Tuesday, January 09, 2007

Things I've Learned From Trevor

Things I've Learned from Trevor, my almost 3 yr old:

1. Dimes can NOT be put in the garbage disposal! How do I know that you ask? Well, you see a couple weeks ago my garbage disposal suddenly stops working...I am in a panic as we rent and I didn't want to have to call the management company to have it repaired...so I stuck my hands down there and felt around and I could feel something stuck....but I just couldn't grasp it. It seemed like forever and a day, trying so desperately to get whatever was wedged - could barely see down there...no flashlights in the house that actually worked....finally drug out a halogen light and I could make out the tiniest bit of dime! Ah Ha! Funny, as I know I didn't put a dime down the disposal, and Karl swore it wasn't him...so that leaves one person...........Trevor!!!!!!!!!!

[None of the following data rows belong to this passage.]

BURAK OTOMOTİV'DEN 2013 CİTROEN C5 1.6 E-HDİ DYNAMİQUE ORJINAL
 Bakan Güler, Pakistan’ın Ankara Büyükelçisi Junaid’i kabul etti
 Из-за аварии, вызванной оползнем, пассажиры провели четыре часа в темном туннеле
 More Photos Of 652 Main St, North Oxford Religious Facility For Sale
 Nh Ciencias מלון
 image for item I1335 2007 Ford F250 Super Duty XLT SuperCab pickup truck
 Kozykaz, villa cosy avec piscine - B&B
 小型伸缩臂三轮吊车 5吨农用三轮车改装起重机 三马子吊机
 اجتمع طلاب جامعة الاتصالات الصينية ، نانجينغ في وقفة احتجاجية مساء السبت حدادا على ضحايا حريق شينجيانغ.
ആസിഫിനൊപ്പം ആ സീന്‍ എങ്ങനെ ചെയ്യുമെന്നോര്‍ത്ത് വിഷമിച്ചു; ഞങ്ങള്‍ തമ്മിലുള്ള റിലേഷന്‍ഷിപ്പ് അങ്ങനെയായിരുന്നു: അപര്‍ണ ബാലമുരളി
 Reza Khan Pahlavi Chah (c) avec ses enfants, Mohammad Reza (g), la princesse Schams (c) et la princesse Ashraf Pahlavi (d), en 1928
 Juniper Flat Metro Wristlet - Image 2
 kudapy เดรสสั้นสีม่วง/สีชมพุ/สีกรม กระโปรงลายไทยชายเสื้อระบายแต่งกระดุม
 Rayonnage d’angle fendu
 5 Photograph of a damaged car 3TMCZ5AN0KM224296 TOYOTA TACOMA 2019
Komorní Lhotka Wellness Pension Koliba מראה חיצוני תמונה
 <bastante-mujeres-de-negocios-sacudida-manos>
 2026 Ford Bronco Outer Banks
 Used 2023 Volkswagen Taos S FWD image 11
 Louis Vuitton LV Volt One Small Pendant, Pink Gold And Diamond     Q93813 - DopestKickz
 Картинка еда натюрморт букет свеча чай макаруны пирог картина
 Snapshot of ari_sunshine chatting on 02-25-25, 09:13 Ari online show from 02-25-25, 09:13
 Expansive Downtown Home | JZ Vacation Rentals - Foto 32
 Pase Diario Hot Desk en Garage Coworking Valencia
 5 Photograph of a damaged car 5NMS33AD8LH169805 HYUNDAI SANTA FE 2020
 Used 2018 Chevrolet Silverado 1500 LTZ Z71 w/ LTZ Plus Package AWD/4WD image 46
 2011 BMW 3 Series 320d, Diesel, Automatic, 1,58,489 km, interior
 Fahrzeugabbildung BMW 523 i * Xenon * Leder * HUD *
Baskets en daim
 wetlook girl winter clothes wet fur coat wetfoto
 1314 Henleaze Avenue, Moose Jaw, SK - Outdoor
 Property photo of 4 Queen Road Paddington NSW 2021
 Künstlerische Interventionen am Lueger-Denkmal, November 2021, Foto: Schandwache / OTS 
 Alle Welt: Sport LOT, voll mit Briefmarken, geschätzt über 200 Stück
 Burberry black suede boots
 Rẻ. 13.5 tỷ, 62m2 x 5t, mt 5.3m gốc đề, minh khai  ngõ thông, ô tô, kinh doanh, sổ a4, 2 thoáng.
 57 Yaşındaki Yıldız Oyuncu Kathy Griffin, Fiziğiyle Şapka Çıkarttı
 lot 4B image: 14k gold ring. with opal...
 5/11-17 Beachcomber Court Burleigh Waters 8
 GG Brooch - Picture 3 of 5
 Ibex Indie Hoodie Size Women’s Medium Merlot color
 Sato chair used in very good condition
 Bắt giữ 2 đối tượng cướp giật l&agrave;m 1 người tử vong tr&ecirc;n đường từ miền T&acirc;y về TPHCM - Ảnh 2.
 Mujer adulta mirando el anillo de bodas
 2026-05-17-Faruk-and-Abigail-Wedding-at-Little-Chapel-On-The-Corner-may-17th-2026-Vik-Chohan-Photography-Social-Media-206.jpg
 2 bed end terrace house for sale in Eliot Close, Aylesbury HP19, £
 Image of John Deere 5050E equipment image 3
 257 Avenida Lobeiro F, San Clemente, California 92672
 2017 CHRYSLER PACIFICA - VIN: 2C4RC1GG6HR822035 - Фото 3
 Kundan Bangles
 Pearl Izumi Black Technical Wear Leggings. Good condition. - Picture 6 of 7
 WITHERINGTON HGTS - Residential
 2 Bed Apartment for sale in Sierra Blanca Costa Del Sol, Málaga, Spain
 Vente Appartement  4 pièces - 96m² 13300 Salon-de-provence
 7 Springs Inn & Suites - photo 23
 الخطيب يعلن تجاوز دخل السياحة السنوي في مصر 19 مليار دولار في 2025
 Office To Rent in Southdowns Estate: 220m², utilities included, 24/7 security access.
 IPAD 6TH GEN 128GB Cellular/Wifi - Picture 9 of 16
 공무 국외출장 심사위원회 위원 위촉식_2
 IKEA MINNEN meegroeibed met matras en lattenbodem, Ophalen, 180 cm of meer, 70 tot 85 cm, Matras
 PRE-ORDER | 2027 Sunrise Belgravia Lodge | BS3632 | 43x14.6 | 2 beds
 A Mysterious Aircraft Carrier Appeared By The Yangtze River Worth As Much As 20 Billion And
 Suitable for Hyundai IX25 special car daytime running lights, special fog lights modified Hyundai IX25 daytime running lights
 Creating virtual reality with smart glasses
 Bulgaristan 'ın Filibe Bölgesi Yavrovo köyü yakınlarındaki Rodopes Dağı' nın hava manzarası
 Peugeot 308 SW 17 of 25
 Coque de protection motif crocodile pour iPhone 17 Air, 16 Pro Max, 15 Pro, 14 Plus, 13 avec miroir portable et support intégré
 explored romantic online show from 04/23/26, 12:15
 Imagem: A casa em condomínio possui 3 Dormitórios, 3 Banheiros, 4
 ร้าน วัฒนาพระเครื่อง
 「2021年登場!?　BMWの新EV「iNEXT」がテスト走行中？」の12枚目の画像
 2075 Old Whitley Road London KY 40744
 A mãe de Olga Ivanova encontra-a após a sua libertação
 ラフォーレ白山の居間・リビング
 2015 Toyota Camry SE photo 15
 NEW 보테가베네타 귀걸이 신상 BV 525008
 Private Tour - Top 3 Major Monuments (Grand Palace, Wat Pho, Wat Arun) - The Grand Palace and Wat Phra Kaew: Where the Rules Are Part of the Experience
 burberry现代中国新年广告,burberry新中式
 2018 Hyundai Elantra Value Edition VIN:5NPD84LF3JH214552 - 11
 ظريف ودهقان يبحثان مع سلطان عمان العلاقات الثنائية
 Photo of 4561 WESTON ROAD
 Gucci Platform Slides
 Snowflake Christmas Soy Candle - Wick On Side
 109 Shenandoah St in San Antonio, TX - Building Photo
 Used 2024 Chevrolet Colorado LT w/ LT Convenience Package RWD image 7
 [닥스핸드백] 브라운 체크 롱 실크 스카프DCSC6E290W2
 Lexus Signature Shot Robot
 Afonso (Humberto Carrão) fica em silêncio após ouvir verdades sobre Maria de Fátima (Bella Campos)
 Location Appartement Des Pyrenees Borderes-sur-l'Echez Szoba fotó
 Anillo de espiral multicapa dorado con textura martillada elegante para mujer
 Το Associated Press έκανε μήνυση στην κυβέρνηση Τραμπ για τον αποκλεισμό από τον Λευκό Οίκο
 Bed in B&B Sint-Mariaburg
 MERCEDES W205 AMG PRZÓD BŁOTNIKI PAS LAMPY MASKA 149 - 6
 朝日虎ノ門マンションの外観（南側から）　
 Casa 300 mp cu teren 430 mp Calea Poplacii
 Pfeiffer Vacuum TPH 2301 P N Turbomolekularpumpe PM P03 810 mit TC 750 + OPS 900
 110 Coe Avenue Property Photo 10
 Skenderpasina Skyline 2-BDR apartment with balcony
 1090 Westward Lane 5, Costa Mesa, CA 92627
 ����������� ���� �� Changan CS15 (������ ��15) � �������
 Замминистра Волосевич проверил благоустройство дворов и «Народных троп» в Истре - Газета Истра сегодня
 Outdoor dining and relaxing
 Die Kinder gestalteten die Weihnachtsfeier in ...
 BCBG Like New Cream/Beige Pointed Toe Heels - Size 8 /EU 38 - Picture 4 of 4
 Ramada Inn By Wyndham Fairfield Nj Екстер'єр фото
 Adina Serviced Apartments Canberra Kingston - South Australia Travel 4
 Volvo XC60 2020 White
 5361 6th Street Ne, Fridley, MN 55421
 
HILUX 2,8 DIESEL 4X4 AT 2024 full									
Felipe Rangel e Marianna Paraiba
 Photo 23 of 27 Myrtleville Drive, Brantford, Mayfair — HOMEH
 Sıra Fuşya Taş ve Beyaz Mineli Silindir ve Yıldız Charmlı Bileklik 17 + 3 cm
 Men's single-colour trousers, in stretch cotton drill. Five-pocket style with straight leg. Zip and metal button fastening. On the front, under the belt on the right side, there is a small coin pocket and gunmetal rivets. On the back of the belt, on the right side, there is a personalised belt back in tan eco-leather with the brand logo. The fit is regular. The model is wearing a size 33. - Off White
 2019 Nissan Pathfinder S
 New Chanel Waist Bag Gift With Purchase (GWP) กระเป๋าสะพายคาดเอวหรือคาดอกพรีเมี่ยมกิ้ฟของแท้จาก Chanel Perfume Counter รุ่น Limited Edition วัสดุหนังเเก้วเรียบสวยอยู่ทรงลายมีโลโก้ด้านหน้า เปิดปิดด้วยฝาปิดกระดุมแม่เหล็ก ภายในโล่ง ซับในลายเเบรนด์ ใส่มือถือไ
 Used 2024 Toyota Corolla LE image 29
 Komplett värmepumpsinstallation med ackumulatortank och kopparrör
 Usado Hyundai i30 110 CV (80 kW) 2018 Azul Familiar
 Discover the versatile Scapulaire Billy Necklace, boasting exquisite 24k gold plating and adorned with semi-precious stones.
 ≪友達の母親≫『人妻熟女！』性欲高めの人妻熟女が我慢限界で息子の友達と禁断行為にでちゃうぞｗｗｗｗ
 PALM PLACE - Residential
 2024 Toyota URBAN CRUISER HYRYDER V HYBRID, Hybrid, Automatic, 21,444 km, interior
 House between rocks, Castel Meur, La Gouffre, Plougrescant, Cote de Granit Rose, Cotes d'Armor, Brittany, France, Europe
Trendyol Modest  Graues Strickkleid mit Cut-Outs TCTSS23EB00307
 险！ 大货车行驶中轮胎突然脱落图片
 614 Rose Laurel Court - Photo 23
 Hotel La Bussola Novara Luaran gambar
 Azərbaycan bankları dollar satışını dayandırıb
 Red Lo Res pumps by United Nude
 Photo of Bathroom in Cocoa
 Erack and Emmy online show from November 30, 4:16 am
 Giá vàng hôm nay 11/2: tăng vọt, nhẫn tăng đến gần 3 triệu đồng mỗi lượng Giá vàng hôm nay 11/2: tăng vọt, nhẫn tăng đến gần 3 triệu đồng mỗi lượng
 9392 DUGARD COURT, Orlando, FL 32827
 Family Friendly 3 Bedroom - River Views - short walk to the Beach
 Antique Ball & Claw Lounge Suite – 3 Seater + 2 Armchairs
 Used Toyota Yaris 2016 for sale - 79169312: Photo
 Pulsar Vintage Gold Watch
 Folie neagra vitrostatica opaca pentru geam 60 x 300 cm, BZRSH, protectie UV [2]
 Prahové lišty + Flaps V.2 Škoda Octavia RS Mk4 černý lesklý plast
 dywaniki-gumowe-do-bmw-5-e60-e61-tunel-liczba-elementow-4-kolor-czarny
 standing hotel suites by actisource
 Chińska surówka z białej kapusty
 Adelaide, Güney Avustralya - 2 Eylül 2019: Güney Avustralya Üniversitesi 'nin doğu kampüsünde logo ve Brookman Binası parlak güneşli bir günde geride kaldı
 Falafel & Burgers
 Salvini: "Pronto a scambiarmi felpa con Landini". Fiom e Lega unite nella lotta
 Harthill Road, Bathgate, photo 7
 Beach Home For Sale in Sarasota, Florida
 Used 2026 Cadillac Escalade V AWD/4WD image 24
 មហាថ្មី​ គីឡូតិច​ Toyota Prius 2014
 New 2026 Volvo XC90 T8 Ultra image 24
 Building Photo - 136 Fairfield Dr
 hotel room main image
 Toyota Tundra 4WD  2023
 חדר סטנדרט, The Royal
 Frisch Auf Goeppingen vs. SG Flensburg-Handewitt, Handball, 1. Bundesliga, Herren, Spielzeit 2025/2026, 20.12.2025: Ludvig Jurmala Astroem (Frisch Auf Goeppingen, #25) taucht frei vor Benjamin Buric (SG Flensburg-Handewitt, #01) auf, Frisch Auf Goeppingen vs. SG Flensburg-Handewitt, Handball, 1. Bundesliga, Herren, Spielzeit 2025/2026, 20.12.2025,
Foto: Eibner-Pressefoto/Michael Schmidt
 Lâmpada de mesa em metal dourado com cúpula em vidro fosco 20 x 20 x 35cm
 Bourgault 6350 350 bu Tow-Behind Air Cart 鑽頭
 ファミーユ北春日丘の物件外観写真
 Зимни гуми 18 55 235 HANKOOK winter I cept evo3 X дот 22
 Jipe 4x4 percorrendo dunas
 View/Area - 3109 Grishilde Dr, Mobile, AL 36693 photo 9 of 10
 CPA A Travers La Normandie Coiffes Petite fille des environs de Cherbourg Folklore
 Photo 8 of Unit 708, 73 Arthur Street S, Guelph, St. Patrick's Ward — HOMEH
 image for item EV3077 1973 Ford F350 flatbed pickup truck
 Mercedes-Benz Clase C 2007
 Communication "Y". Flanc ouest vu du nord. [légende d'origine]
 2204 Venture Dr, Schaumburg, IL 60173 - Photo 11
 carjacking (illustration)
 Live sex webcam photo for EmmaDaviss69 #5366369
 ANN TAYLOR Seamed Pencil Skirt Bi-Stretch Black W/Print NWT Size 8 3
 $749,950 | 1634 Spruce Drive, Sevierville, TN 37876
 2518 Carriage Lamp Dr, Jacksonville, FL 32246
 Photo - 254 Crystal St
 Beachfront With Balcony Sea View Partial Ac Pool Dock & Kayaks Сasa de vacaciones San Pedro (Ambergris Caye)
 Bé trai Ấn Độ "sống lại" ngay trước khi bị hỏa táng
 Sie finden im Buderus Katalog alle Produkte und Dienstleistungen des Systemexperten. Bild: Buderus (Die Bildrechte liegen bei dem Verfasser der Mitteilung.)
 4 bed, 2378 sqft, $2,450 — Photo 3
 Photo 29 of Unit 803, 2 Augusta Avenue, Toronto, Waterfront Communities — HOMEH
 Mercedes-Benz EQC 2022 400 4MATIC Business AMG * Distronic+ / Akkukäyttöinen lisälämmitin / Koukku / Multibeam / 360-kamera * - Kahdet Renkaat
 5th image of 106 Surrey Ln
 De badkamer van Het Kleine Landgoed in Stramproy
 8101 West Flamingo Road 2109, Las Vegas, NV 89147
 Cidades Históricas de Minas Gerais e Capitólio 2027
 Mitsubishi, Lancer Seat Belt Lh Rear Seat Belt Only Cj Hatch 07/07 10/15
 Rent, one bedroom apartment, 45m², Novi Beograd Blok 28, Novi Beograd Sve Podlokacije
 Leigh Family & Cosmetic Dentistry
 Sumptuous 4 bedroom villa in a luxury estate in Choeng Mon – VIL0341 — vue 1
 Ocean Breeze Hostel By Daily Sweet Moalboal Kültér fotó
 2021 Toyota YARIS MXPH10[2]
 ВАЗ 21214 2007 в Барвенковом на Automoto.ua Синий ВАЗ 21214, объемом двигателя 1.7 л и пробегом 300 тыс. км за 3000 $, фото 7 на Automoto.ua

After much sweating, mubling under my breath, etc, I finally worked that bugger free and my disposal has been working great since!!! Phew!!!

2. That when you are almost 3 it's pretty easy to manipulate mommy. For example, this afternoon I had put him down for a nap, but after listening to him cry big ole' tears, and having him say over and over between those tears, "I so sad mommy" and "I sorry", I caved and let him get up. He knows exactly how to play on my heartstrings! It was so sad and pathetic - I so sorry mommy....might as well have punched me in the gut as to hear those words from this little person standing at his doorway with big tears dripping off his cheeks..his eyes red...his nose runny....it's just more than this mom can handle!

3. That at his age he can have privacy but I can't! You see, he's now at the stage where he wants the bathroom door closed, and yet the irony is, I haven't gone to the bathroom alone in FOREVER!!! LOL!! What's up with that?! Sure, I can go alone at work, but when I am home, I have two of the prettiest blue eyes watching my every move and announcing exactly what I am doing, play by play! Makes it interesting when company is over! LOL!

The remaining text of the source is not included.